Nun frage ich, ob es überhaupt möglich ist, den gesamten Inhalt des menschlichen Bewusstseins, der sich über Jahrtausende angesammelt hat, völlig zu beenden. Dieser Inhalt ist die Verwirrung, die Gewöhnlichkeit, Primitivität, Kleinkariertheit und Trivialität unseres unintelligenten Lebens.

PJ: Aber er ist auch das Gute …

K: Halt, warte. Ich muss da sehr vorsichtig sein. Das Gute ist etwas vollkommen anderes. Das Gute hat kein Gegenteil. Es ist keine Folge von dem, was nicht gut ist. Das Ende dessen, was nicht gut ist, ist das Gute. Ist es also möglich, jeglichen Konflikt zu beenden? 

PJ: Ja, der Konflikt kann ein Ende haben.

K: Kann er wirklich ein Ende haben, Pupul? Oder vergisst man einfach nur, was gewesen ist und den Konflikt verursacht hat?

PJ: Willst du damit sagen, dass das Ende des Konflikts die Geburt des Neuen ist? 

K: Erkennst du, welche Tragweite Konflikte haben? Siehst du ihre Tiefe und nicht nur das Oberflächliche? Oberflächlich wäre, lediglich zu sagen, dass ich kein Engländer oder Franzose mehr bin oder dass ich nicht mehr diesem Land oder jener Religion angehöre. Ich spreche nicht vom Ende der oberflächlichen Dinge. Ich spreche von dem, was tief in uns verankert ist.
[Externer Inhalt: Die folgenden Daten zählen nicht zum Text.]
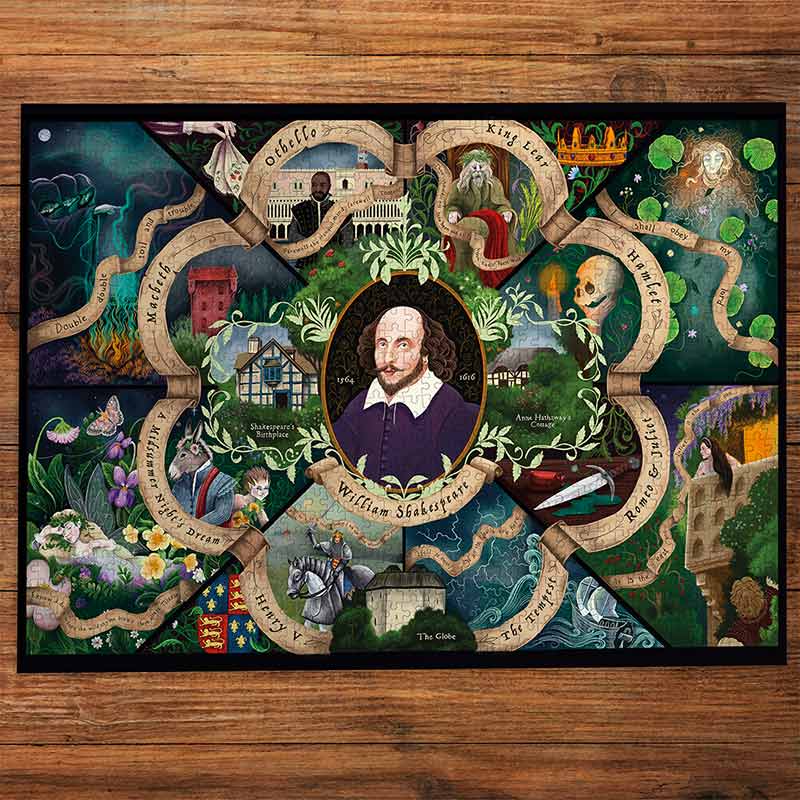 Gibsons Shakespeare 1000 Piece Puzzle image 0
PJ: Wenn du von Konflikt sprichst, meinst du unsere Getrenntheit voneinander. 

K: Ja, Getrenntheit, Isolation, die unweigerlich einen Konflikt erzeugt. Das ist das Eigentliche. Was bedeutet das? Wenn kein Konflikt da ist, enden dann alle Probleme? Und kann man ein auftauchendes Problem unmittelbar beenden? Probleme bedeuten Konflikte. 

PJ: Warum tauchen Probleme auf? 

K: Ein Problem ist etwas, das dir wie ein Knüppel zwischen die Beine geworfen wird, eine Herausforderung. Ein Problem ist etwas, dem du dich stellen musst. 

PJ: Ja. 

K: Wir versuchen, Probleme intellektuell oder physisch zu lösen – was nur zu weiteren Problemen führt. 
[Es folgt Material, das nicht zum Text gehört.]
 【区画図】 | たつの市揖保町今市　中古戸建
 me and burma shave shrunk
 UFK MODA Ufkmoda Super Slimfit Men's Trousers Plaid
PJ: Willst du damit sagen, dass für die Geburt des Neuen …

K: Ja, du fängst an, es zu begreifen … Es muss so sein. Und deshalb ist die Geburt des Neuen das Allerälteste.
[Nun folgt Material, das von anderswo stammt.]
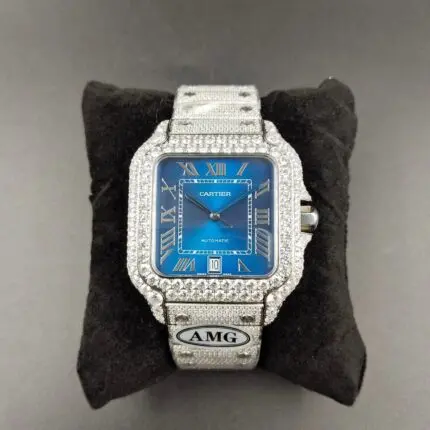 1:1 Super Clone Cartier Santos Middle East Full Diamond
PJ: Können wir das ein bisschen genauer untersuchen? Würdest du darüber bitte noch etwas sagen? 

K: Das ist schließlich der Urgrund hinter dem es keinen weiteren Urgrund gibt. Der Ursprung jenseits dessen es keinen anderen Ursprung gibt.

(Lange Pause)

Schau, Pupul, die wirkliche Frage dreht sich doch darum, ob das Gehirn jemals frei von seinen eigenen Fesseln sein kann. Schließlich ist das Beenden einer Sache nicht gleichbedeutend mit totaler Freiheit. Richtig? Ich kann beispielsweise meine Verletzungen beenden. Das geht ganz einfach. Dabei sind es die Bilder, die ich mir von mir selbst gemacht habe, es sind diese Bilder, die verletzt werden.

PJ: Ja. 

K: Der Urheber dieser Bilder ist das Problem. Es geht also darum, ohne ein einziges Bild zu leben. Dann gibt es keine Verletzung, keine Angst, und wenn es keine Angst gibt, braucht man auch keine Sicherheit und keinen Trost – keinen Gott und all das.

Würdest du sagen, dass der Ursprung allen Lebens das Allerälteste überhaupt ist, jenseits jeglicher Vorstellung von alt oder neu? Würdest du sagen, dass das der Ursprung allen Lebens ist und dass, wenn der Geist – was das Gehirn einschließt – diesen Punkt erreicht, er der Urgrund ist, absolut ursprünglich, frisch und rein? Ich frage, ob es dem Geist möglich ist, dahin zu gelangen?

Meditation war eines der Mittel, dahin zu gelangen. Den Geist zum Schweigen zu bringen war eine der Methoden, mit der der Mensch das zu bewirken hoffte. Wir alle bemühen uns, dahin zu kommen. Ich sage, dass es keine Mühe erfordert. Das Wort ›Mühe‹ bedeutet bereits Konflikt. Man kann sich dem, was keinen Konflikt kennt, nicht über den Konflikt nähern.

PJ: Bedeutet das in gewissem Sinne, dass es in deiner ganzen Lehre keine unvollständige Vorgehens- und Betrachtungsweise gibt? 

K: Unmöglich. Wie kann es das geben? Würde ich versuchen, mich diesem Urgrund über die verschiedenen Wege zu nähern, die die Hindus entdeckt haben – karma, yoga und all diese Dinge, die alle unvollständig sind –, könnte ich ihm niemals nahe kommen; ich könnte  mich ihm nie nähern.

PJ: Was macht man dann? Ich bin ein ganz gewöhnlicher Mensch – was mache ich dann?